▸ **Work instructions**:
Print out every line of the material exactly. Include no pictures.

▸ **Listed entries**:
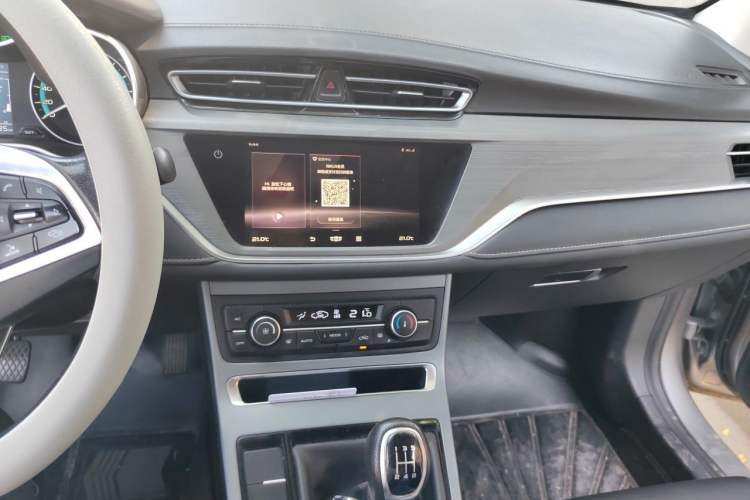 Used Geely Auto Emgrand 2021 UP 1.5L Manual Luxury Model Audio And AC Panel
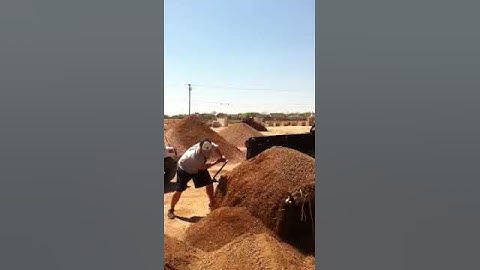 LH3000 - Unloading 2500lbs Crushed Granite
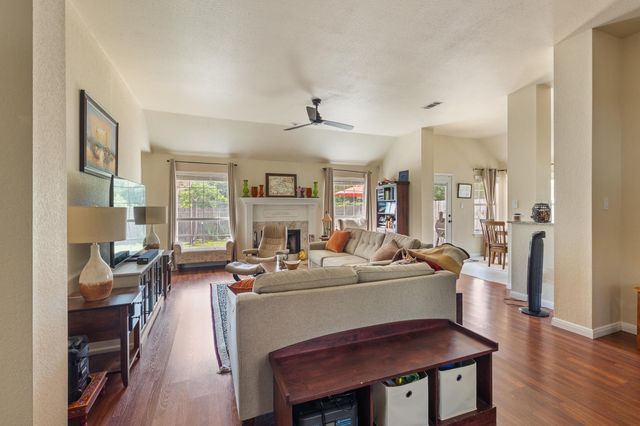 2305 Raintree PATH, Round Rock, TX 78664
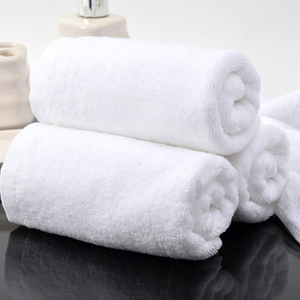 Serviettes de toilette en coton de haute qualité confortables, ensembles de serviettes de bain pour la maison avec logo personnalisé - Product Image 1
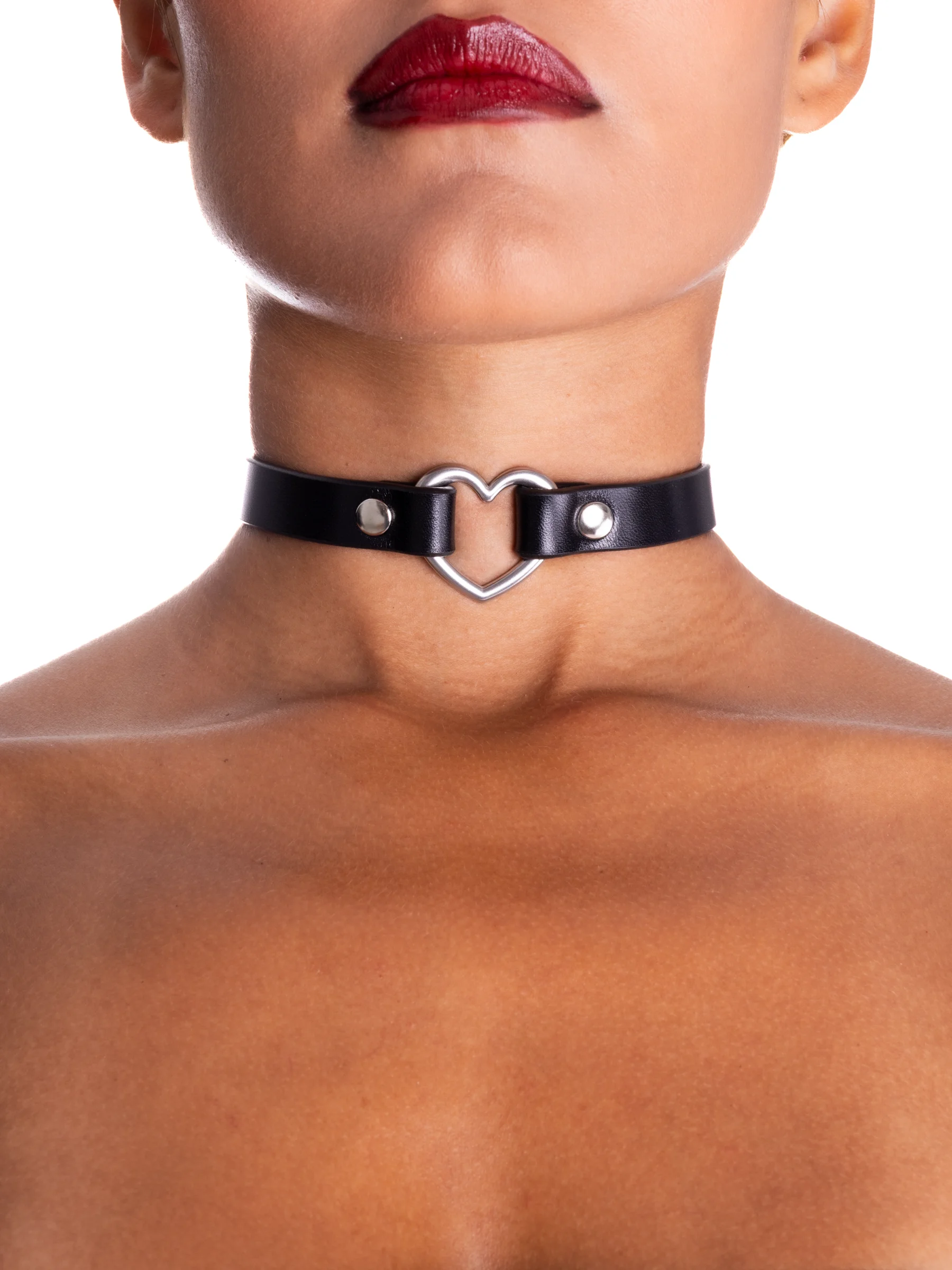 leather-choker31438.webp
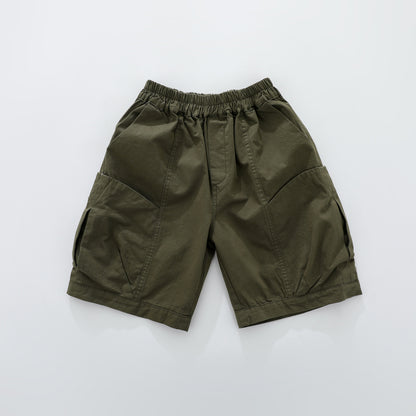 2026 new summer style boys fashionable five-point pants with big pockets, cargo shorts for middle and big boys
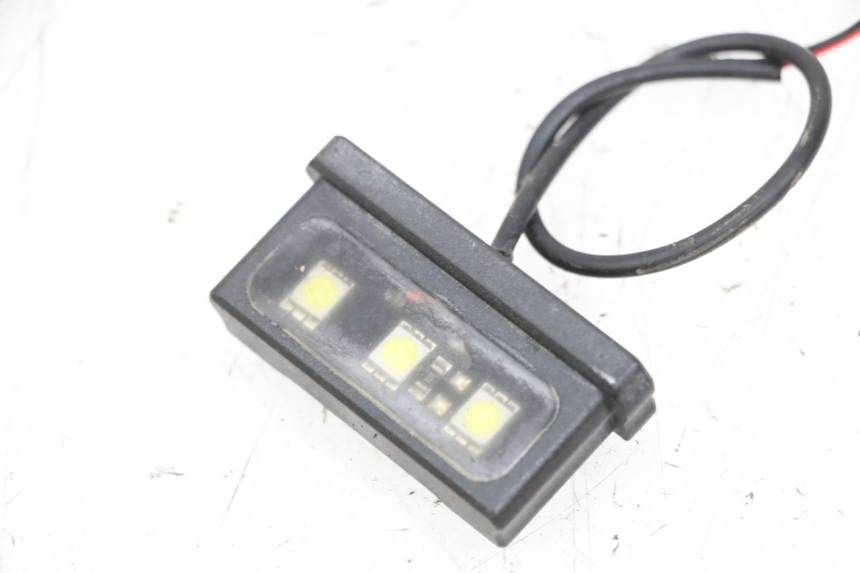 photo de ILUMINAÇÃO DE PLACA YAMAHA MT-07 MT07 ABS 700 (2018 - 2020) - Outro ângulo de visão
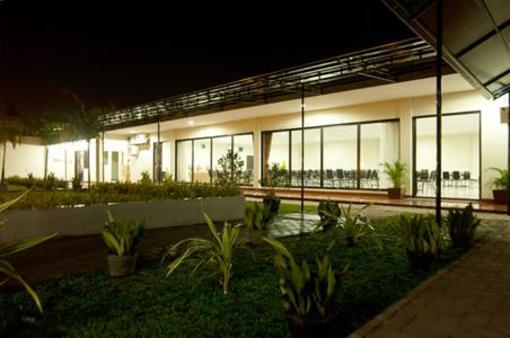 фото отеля Tirta Kencana Hotel & Garden Resto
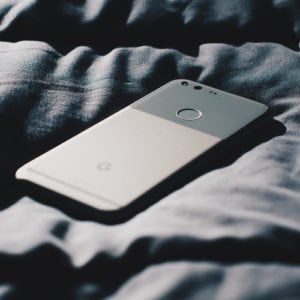 Czy producenci smartfonów z Androidem stosują celowe obniżanie wydajności?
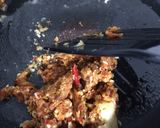 รูปขั้นตอนการทำที่ 3 ของ กะเพราตับไก่ไข่ดาว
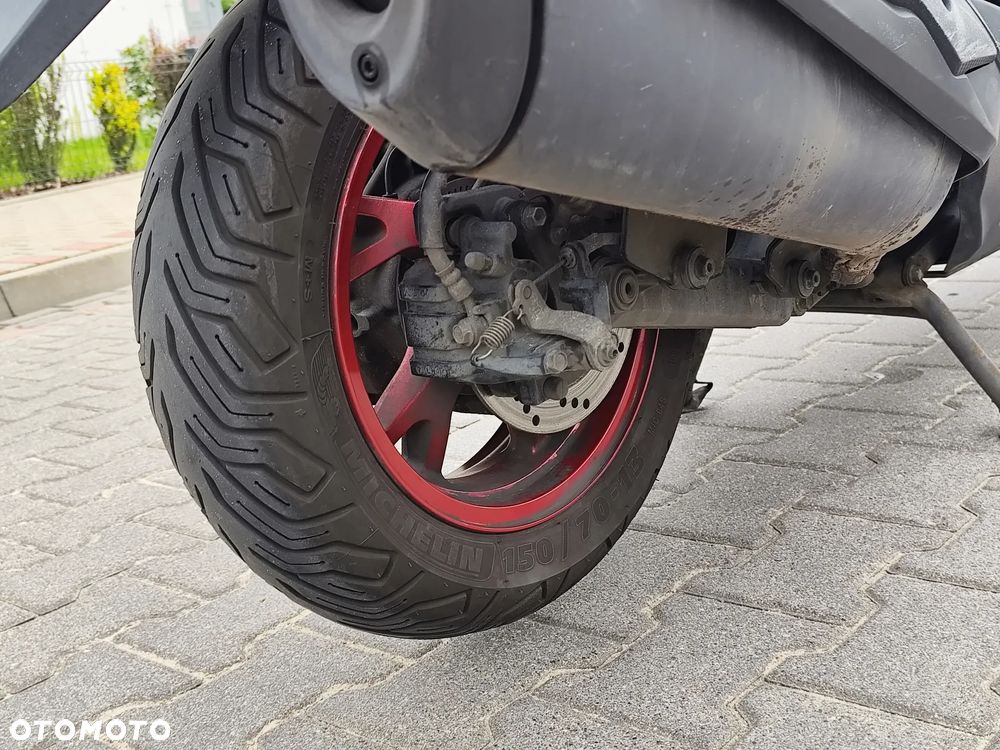 Suzuki Burgman - 11
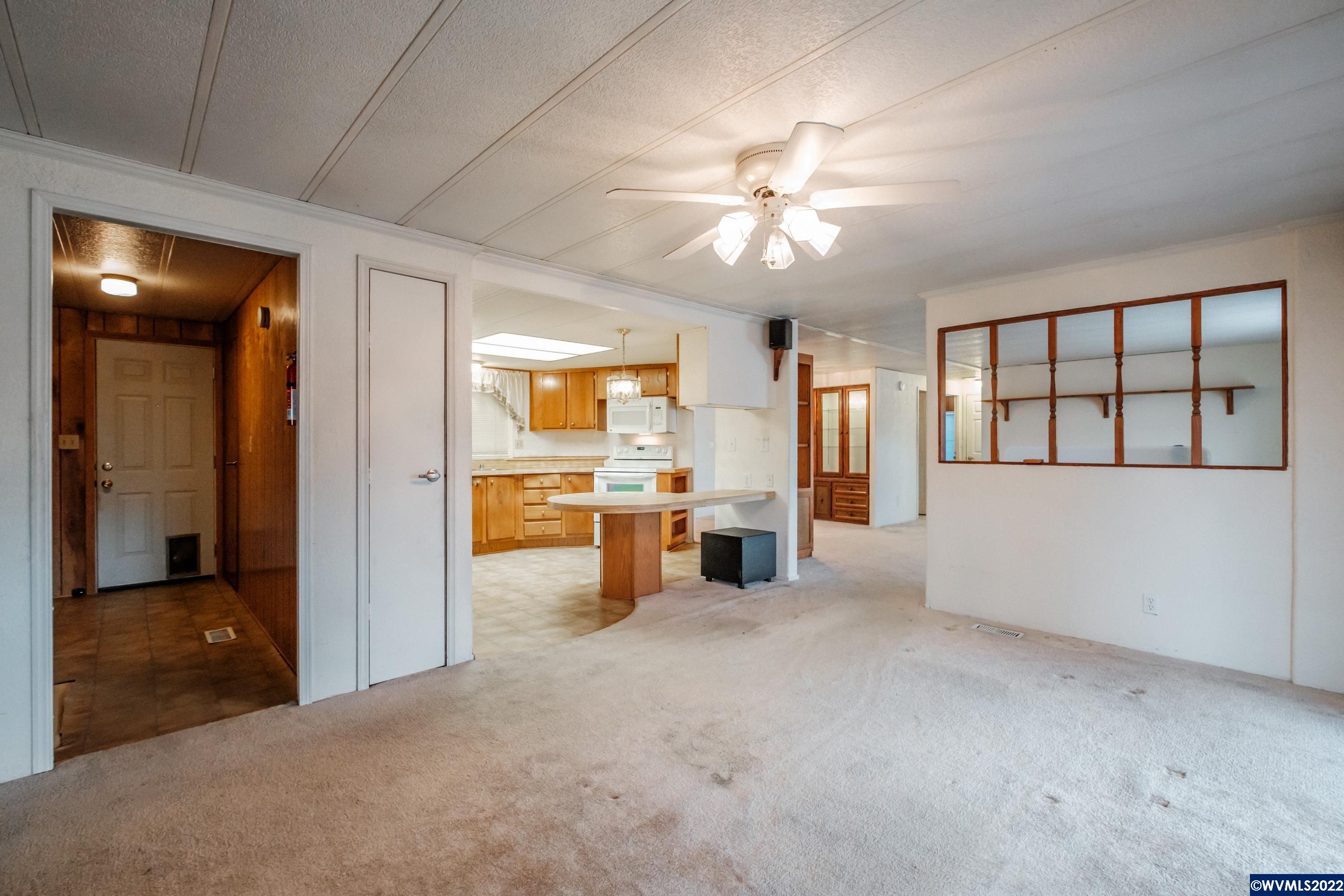 5422 Portland Road Northeast, Unit 140 Salem, OR 97305 - Photo 18 of 42
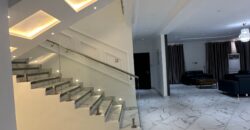 Stunning 5-Bedroom Home for Sale – Lakeside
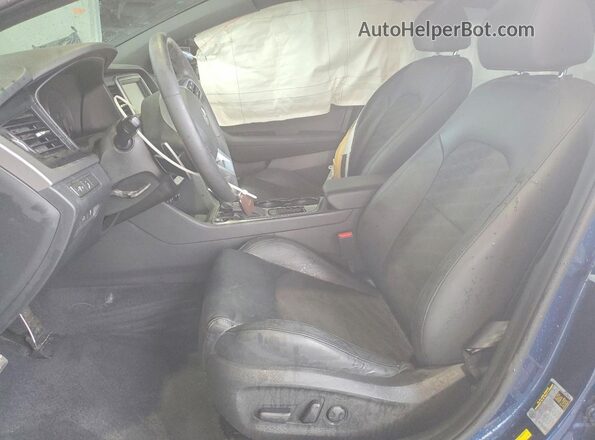 5NPE34AF5KH788884 2019 HYUNDAI SONATA Blue Front interior view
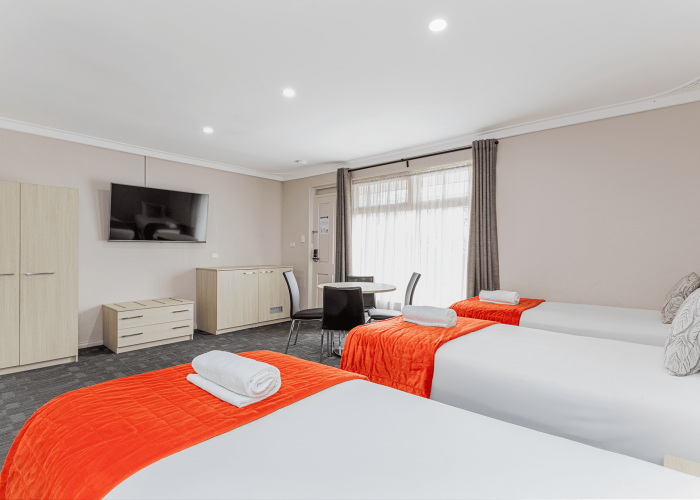 DeluxeFamilyRoom_5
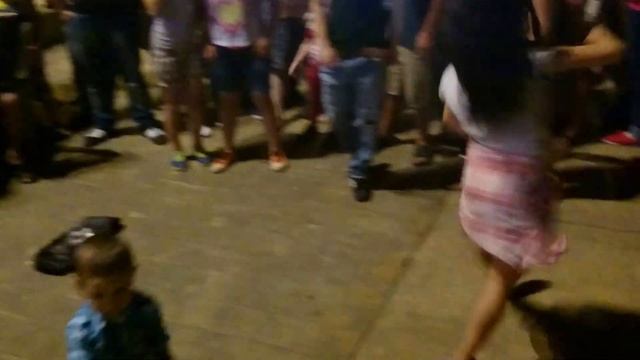 BATUMI ГРУЗИЯ супер танец девочек на набережной! Super dance girls! смотреть онлайн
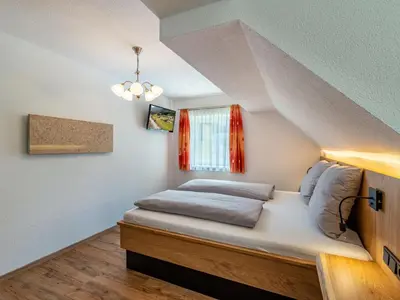 Ein Bett oder Betten in einem Zimmer der Unterkunft Apartment Karlspitz by Interhome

▸ **Answer to this task**:
 Used Geely Auto Emgrand 2021 UP 1.5L Manual Luxury Model Audio And AC Panel
 LH3000 - Unloading 2500lbs Crushed Granite
 2305 Raintree PATH, Round Rock, TX 78664
 Serviettes de toilette en coton de haute qualité confortables, ensembles de serviettes de bain pour la maison avec logo personnalisé - Product Image 1
 leather-choker31438.webp
 2026 new summer style boys fashionable five-point pants with big pockets, cargo shorts for middle and big boys
 photo de ILUMINAÇÃO DE PLACA YAMAHA MT-07 MT07 ABS 700 (2018 - 2020) - Outro ângulo de visão
 фото отеля Tirta Kencana Hotel & Garden Resto
 Czy producenci smartfonów z Androidem stosują celowe obniżanie wydajności?
 รูปขั้นตอนการทำที่ 3 ของ กะเพราตับไก่ไข่ดาว
 Suzuki Burgman - 11
 5422 Portland Road Northeast, Unit 140 Salem, OR 97305 - Photo 18 of 42
 Stunning 5-Bedroom Home for Sale – Lakeside
 5NPE34AF5KH788884 2019 HYUNDAI SONATA Blue Front interior view
 DeluxeFamilyRoom_5
 BATUMI ГРУЗИЯ супер танец девочек на набережной! Super dance girls! смотреть онлайн
 Ein Bett oder Betten in einem Zimmer der Unterkunft Apartment Karlspitz by Interhome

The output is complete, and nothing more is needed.